Even though I worked mightily to avoid that approach and to stand the genre on its head, the fact that my first book was in that genre has always rankled me a bit. I can't believe I wrote one of those books (and I hope it's not one of those books). At the same time, I always felt I had to write that book. I always felt it was important that I write it. Whether or not it's worth reading is a whole other question. I can only say the process taught me a lot about myself and about how to be a writer.
The fact that it continues to sell always comes as somewhat of a surprise. I don't do any marketing. I don't run around and give my Radical Elements presentation anymore. Now, it's not like I'm selling thousands of copies or anything - just a steady little trickle - but that trickle is way more than I ever expected. Occasionally, my royalties are even enough to buy a pizza. I wonder what might happen if I actually put effort into selling it.
I don't think it's a bad book - it's actually pretty good. I also don't think it's a great book. For that matter, I wouldn't even say it's my best book (but please don't ask me to pick which one I do think is my best). But good, bad or ugly, it's my book.

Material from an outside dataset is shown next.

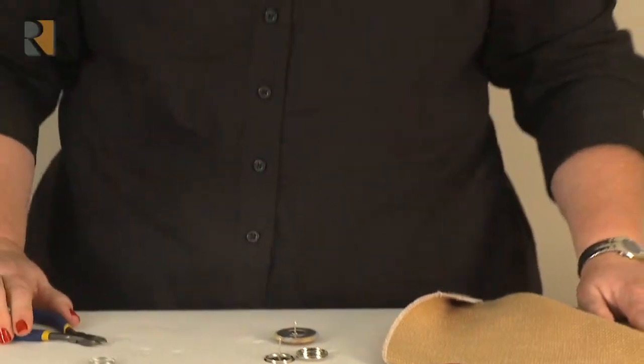These new button form clasps open up just a world of opportunity. You can put tab top drapes on now with buttons without having to sew anything on when you're on site. It's a wonderful thing to have just in your tool bag.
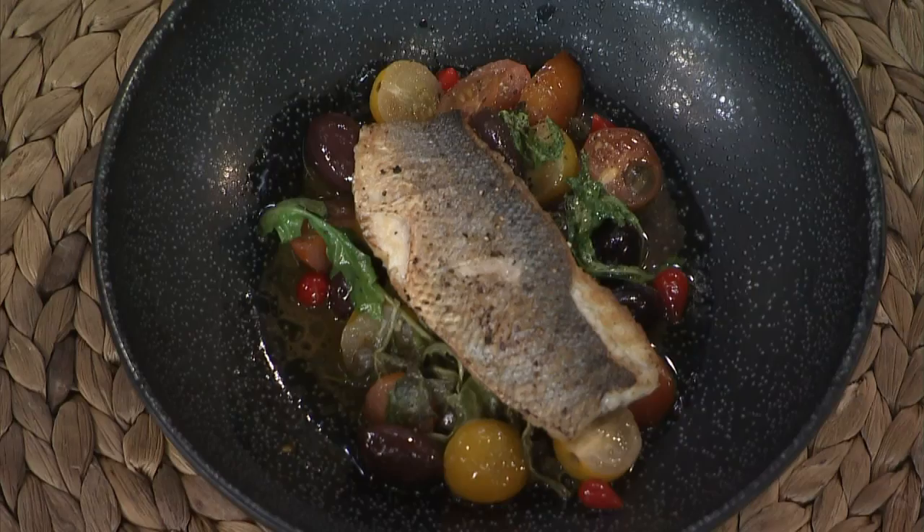We are talking Mediterranean dream with this dish, and you're gonna show us how to make the bass extra crispy. It's all about the bass. This is one of my favorite dishes in the world. This is branzino, so European sea bass.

Then... every once in a while something happens that makes me step back and reconsider the book in a kinder light. When I went to update the Kindle version with the new cover, I found a 5-star review someone had left on Amazon... last March. I don't know Mr. Shipman, but I do appreciate his kind words. Here are some of them:
Ward provides a no-holds barred view [of the] elements necessary to succeed. He says on the back cover (something to the effect); "if you're looking for a get rich quick book, keep looking." There is a lot of fluff in the motivation/self-help genre--Ward's book is anything but "fluff." His advice is practical, his wisdom timeless. Highly recommended.
Being a writer is weird. You put words on paper and send them out in to the world, never knowing where they'll find a home. Never knowing if they'll have an impact, if they'll be accepted or if they'll even be noticed. But in this digital age it's easier than ever for those words to make a life of their own, to go places I'll never go and meet people I'll never meet.
I just wanted to say I think that's pretty amazing.